Goji berries may prevent age-related vision loss
Regular intake of goji berries will prevent or delay age-related vision loss1. One just has to eat about 28g (a handful) five times a week.
It seems like the goji berries are acting like sunscreen for your eyes to protect them from potential blue light damages.
Most people have heard of "blue light", though how damaging is it really to our health?
How bad is blue light?
Blue light, with relatively high energy, can cause irreversible photochemical damage to eye tissue. Excessive exposure of the eye to blue light tends to cause a series of alterations, such as oxidative stress, mitochondrial apoptosis, inflammatory apoptosis, mitochondrial apoptosis and DNA damage, resulting in the development of dry eye disease, glaucoma, and keratitis.2
This might sound concerning though the wording is important. First of all the blue light has to be "relatively high energy". Most devices with a screen or LEDs don't come anywhere close to the number needed.
However, the intensity of solely the 470 nm wave length of blue light from the LEDs is 0.14 W/m², only a fraction of the 470 nm of light emitted on an average sunny day (1.79 W/m²)3.
How concerning is blue light from the sun?

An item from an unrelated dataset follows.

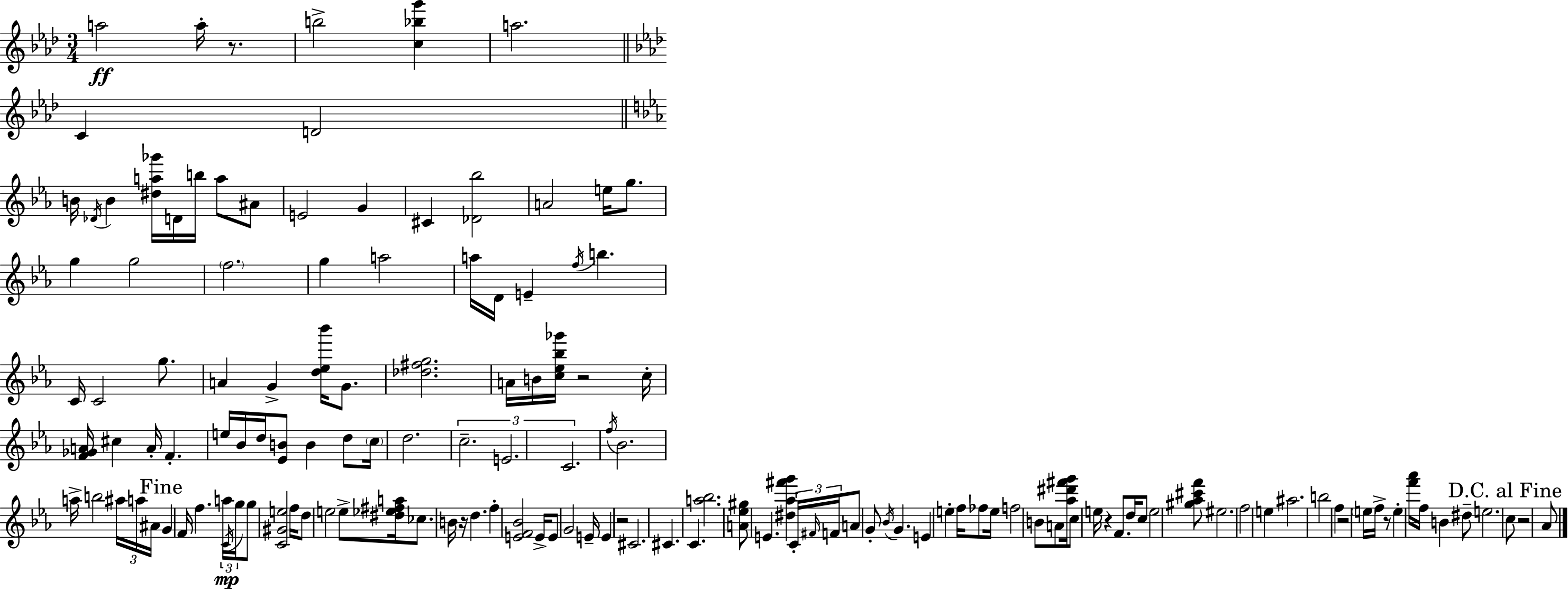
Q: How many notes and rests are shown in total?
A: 143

Since the energy of the blue light from the sun is more the 10x the energy from LEDs, this would conclude that we should stay away from sun light.

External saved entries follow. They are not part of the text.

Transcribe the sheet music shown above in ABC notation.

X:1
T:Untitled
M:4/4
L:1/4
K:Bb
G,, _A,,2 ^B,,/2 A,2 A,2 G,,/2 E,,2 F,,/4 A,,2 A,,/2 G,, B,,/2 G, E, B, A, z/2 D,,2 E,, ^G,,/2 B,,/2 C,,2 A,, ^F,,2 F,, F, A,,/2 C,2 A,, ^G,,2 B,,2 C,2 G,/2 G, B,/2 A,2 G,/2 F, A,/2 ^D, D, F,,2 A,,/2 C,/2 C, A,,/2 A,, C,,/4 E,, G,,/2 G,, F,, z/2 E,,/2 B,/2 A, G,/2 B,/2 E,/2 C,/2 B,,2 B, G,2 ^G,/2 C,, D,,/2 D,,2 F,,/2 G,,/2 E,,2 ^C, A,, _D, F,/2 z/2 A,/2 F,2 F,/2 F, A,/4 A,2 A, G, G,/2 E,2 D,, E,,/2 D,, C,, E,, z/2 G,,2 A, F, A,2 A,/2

This is counterintuitive to the fact that sunlight is needed for us to synthesis vitamin D34. Here the factor is time exposure. Since too much exposure may cause skin cancer. Thus it could be hypothesized that the sunlight doesn't just damage our skin but also our eyes.
On the other side, sunlight is not purely blue light, but comes in a spectrum of light, 100 nm to 1 mm4. This spectrum includes the ultraviolet, visible range, and the infrared range.

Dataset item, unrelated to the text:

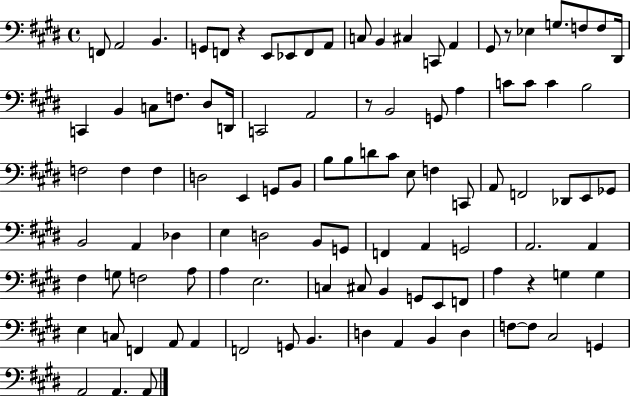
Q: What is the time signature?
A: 4/4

How can one countract the negative effects of blue light?
It has been shown in situ or in vitro that red light counteracts the negative effects of blue light3.
This means one can either use red LEDs or even the sunlight for this fix.
red light from a computer screen or on a sunny day is respectively, 0.007 W/m² and 1.62 W/m²3.
This still results in 0.17 W/m² difference in favor for blue light for the sun. Thus one could use infrared lamps with high energy to counteract these potential negative effects.
Until now we have been focusing on the energy of the light. It was only briefly mentioned that time is a factor. Thus we will look at that next.
How long does one have to be exposed to blue light to experience negative effects?
Many have experience a sunburn fairly quick after being exposed to sun without protection, which is maninly due to ultraviolet rays, which are below the blue light (420–490 nm) spectrum3.
On the cell level in vitro studies have shown cell death when exposed long term to blue light5. The data suggest that
After long-term blue light exposure, the percentage of early apoptotic cells at 14 h was 29.2 %, at 22 h was 79.2 %, and at 24 h was 85.4 %5
which was done with 5 W/m².
Although blue light is a big part of our day-to-day lives, the math suggests that the exposure to blue light is not a big concern.
Let 0.13 - 0.3 W/m² be the energy of blue light we are exposed to on average per day. Assuming energy is accumalative per day, then it would take 16 - 38 days until the same strength of energy is met as in the last question.
Then on top of that, 24 hours of exposure is equivalent to an average of 1.5 days, assuming one sleeps 8 h per day. This increases the day count to 24 - 57 days.
The main cells that are exposed to potential damage is the epidermis, the top layer of skin. The epidermis completely replaces itself every 30 days6. Meaning in the worst case, there is a 20% chance that one is causing premature cell death.
Most of these studies were done in vitro on cell cultures. This means that they probably won't hold up in vivo.
Further in the previous "worst case" scenario, you are looking at 24 days of uninterrupted sunny days and being outside for at least 16 hours a day. It is very unlikely that anyone will fall into this category.
One could conclude that blue light has no concern in our day-to-day life, though age and other factors like smoking could tell a different story7. This would suggest that locations that deal with high air polution would fall into the same category as smoking.